▶ [Collected material]
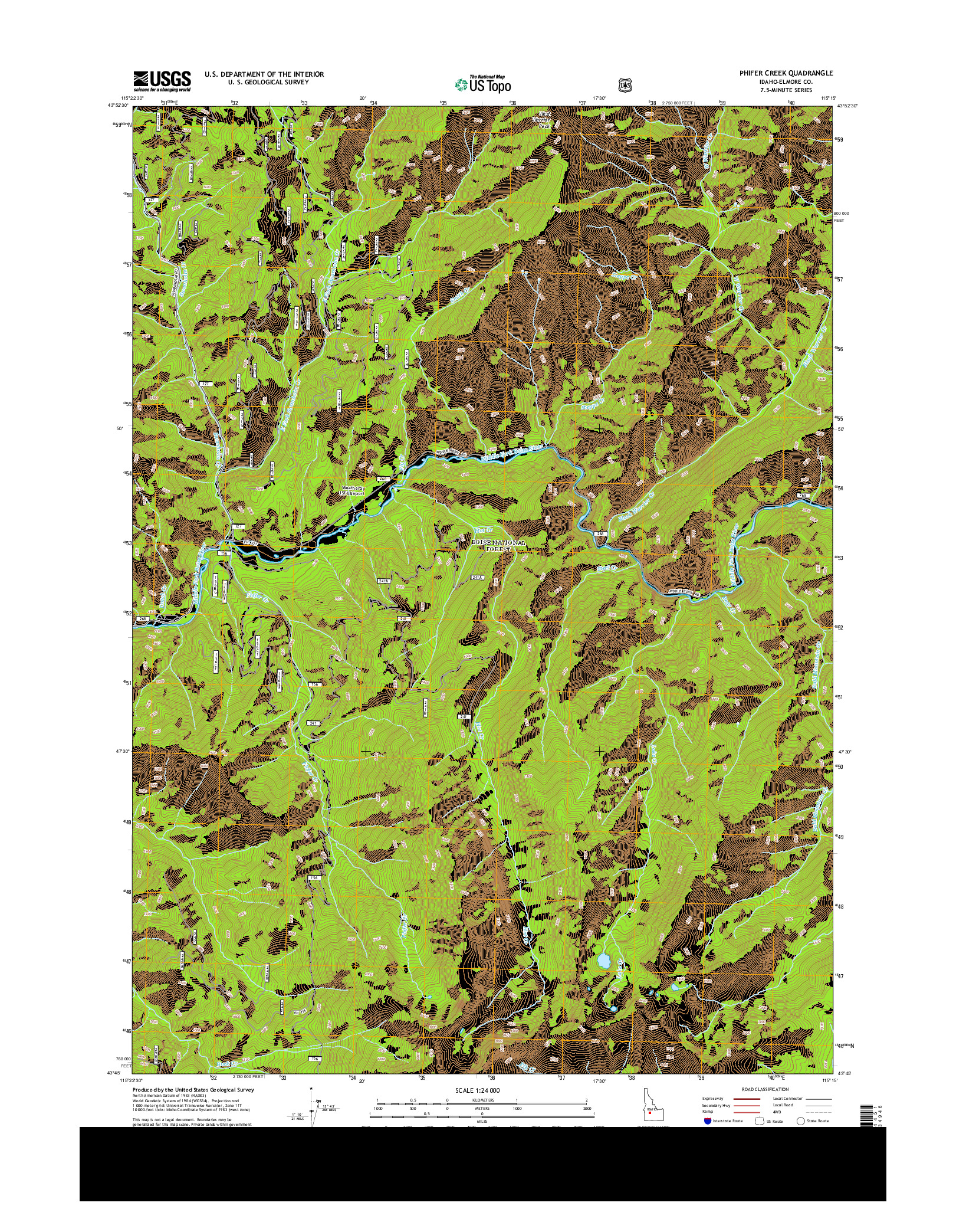 USGS US TOPO 7.5-MINUTE MAP FOR PHIFER CREEK, ID 2013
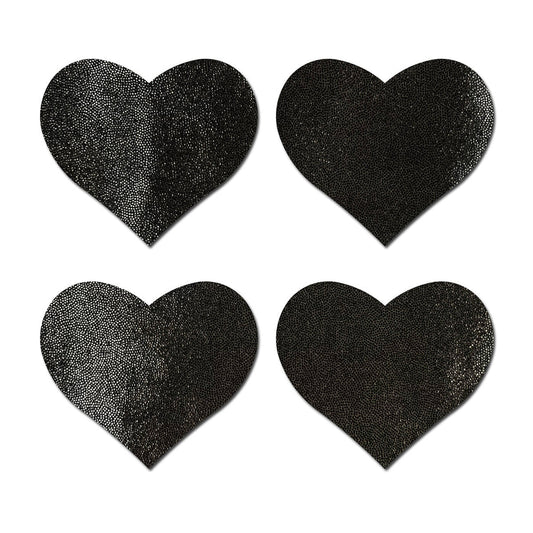 Pastease Petites Liquid Hearts Nipple Pasties – Black – 2-Pack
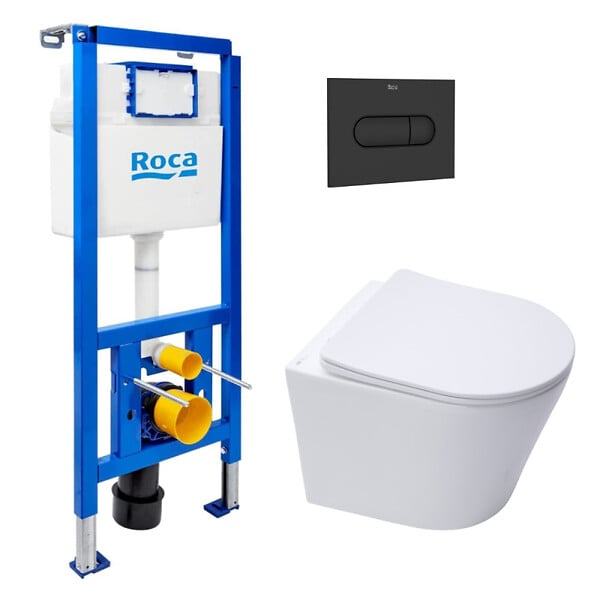 ROCA - Pack WC bâti-support + WC suspendu sans bride Swiss Aqua Technologies avec abattant SoftClose + plaque (ROSTINWR03-FR) - large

▶ [Activity] No pictures go in the copy. Output exactly the lines from the line containing "Pastease Petites Liquid" through the end of the listing above.

▶ [Exercise output]
 Pastease Petites Liquid Hearts Nipple Pasties – Black – 2-Pack
 ROCA - Pack WC bâti-support + WC suspendu sans bride Swiss Aqua Technologies avec abattant SoftClose + plaque (ROSTINWR03-FR) - large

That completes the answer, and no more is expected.